A new highlighted line called UNTAG—containing the tag to remove—appears. The TagEntry is also highlighted and removed.

The syntax of this method is:

moduleVariable.tagHierarchy(tagDataType, hierarchicalRelationships)

Or:

moduleVariable.tagHierarchy(tagDataType, listFilePath)

where:

  • moduleVariable is the variable corresponding to the module and set with require().
  • tagDataType allows you to define the tags to match as either a string or a regex (see the examples below).
  • hierarchicalRelationships is an array of arrays. Each inner array must have two elements:

    • The strong prevailing tag.
    • The weak tag.

    Instead of the strong tag, you can also use the ALWAYS! value.
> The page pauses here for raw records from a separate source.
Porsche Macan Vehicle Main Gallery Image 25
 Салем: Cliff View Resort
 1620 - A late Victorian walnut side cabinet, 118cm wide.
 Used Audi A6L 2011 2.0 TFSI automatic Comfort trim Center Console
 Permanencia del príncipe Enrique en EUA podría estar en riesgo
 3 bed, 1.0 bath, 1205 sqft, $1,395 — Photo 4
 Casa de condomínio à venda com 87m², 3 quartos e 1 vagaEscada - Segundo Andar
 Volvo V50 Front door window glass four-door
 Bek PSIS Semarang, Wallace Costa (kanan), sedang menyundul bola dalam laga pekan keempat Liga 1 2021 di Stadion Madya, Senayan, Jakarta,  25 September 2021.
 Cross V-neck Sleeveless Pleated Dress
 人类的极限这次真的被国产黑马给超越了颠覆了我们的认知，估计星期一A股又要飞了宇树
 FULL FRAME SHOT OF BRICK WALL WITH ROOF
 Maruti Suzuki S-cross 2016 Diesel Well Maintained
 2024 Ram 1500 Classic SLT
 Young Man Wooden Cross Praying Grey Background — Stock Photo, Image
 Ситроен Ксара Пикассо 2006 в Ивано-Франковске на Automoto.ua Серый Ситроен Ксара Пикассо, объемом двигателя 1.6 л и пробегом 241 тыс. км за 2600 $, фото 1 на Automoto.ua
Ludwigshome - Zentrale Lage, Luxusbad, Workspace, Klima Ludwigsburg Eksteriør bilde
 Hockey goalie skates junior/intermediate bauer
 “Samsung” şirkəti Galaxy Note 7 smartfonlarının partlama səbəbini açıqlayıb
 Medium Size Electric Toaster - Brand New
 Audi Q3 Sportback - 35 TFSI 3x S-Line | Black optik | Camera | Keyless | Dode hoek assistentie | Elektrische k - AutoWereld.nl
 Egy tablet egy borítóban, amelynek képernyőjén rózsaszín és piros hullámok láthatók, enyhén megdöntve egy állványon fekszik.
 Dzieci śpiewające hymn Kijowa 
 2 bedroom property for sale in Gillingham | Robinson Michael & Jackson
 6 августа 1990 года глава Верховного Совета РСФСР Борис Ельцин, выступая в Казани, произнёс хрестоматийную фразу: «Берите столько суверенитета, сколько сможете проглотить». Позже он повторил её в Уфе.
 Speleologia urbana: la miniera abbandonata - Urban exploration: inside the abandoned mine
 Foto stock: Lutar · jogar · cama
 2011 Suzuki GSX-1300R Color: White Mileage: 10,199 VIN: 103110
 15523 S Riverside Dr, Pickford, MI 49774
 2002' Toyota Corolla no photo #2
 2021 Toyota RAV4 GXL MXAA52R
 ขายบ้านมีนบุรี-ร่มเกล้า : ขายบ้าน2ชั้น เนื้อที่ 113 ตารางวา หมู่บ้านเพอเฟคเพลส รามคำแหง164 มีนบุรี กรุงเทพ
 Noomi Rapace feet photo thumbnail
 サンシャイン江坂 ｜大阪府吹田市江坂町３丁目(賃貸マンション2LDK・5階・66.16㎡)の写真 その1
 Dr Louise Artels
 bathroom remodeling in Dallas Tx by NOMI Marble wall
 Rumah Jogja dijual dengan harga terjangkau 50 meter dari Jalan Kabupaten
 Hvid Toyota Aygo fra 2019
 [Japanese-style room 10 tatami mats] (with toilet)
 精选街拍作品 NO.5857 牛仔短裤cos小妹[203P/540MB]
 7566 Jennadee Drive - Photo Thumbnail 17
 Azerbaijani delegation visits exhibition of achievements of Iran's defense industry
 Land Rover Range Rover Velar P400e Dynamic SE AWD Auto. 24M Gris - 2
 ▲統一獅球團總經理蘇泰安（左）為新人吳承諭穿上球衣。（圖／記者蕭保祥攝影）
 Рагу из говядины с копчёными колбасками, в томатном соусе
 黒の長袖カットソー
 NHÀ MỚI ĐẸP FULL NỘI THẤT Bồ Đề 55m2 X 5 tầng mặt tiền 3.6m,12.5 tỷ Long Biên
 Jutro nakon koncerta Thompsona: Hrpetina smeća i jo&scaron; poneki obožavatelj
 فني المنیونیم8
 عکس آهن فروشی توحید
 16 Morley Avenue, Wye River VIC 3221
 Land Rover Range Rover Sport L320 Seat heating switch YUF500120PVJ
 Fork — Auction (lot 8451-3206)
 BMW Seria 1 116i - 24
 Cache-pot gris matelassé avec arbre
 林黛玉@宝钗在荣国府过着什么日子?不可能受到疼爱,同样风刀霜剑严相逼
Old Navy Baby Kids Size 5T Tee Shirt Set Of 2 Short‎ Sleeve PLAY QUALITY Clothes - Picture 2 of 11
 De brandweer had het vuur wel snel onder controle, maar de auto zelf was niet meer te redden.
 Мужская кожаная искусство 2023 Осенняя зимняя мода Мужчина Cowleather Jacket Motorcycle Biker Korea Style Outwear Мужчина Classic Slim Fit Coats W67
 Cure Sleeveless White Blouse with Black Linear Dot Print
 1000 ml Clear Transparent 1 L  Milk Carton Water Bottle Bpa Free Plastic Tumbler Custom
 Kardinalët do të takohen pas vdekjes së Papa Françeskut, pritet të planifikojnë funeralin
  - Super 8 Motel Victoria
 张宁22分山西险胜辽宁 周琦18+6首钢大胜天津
It is a special value that always removes the weak tag from the output and the disambiguation letting the other token tag(s) prevail

  • listFilePath is the path of the list file in which you define your hierarchies.

List file syntaxes

You can write list files with four different syntaxes:

strongTag_1, weakTag_1
strongTag_2, weakTag_2
...
strongTag_n, weakTag_n

Or:

strongTag_1 REMOVES weakTag_1
strongTag_2 REMOVES weakTag_2
...
strongTag_n REMOVES weakTag_n

or you can use regular expressions, like this:

/^strongTag_1$/i REMOVES /^weakTag_1$/i
/^strongTag_2$/i REMOVES /^weakTag_2$/i
...
/^strongTag_n$/i REMOVES /^weakTag_n$/i

Or:

/^strongTag_1$/i, /^weakTag_1$/i
/^strongTag_2$/i, /^weakTag_2$/i
...
/^strongTag_n$/i, /^weakTag_n$/i

where REMOVES is the operator that removes the weak tag. You can use it interchangeably with the comma (,), as long as only one of them is used per line.

Note

You can use these list files syntaxes interchangeably.

Warning

Performance-wise, it is recommended to use strings instead of regular expressions to define tags when using the module. Using strings to match tags results in faster processing times compared to using regular expressions, therefore consider utilizing strings to define tags for improved efficiency and responsiveness of your project, especially if you are analyzing long documents.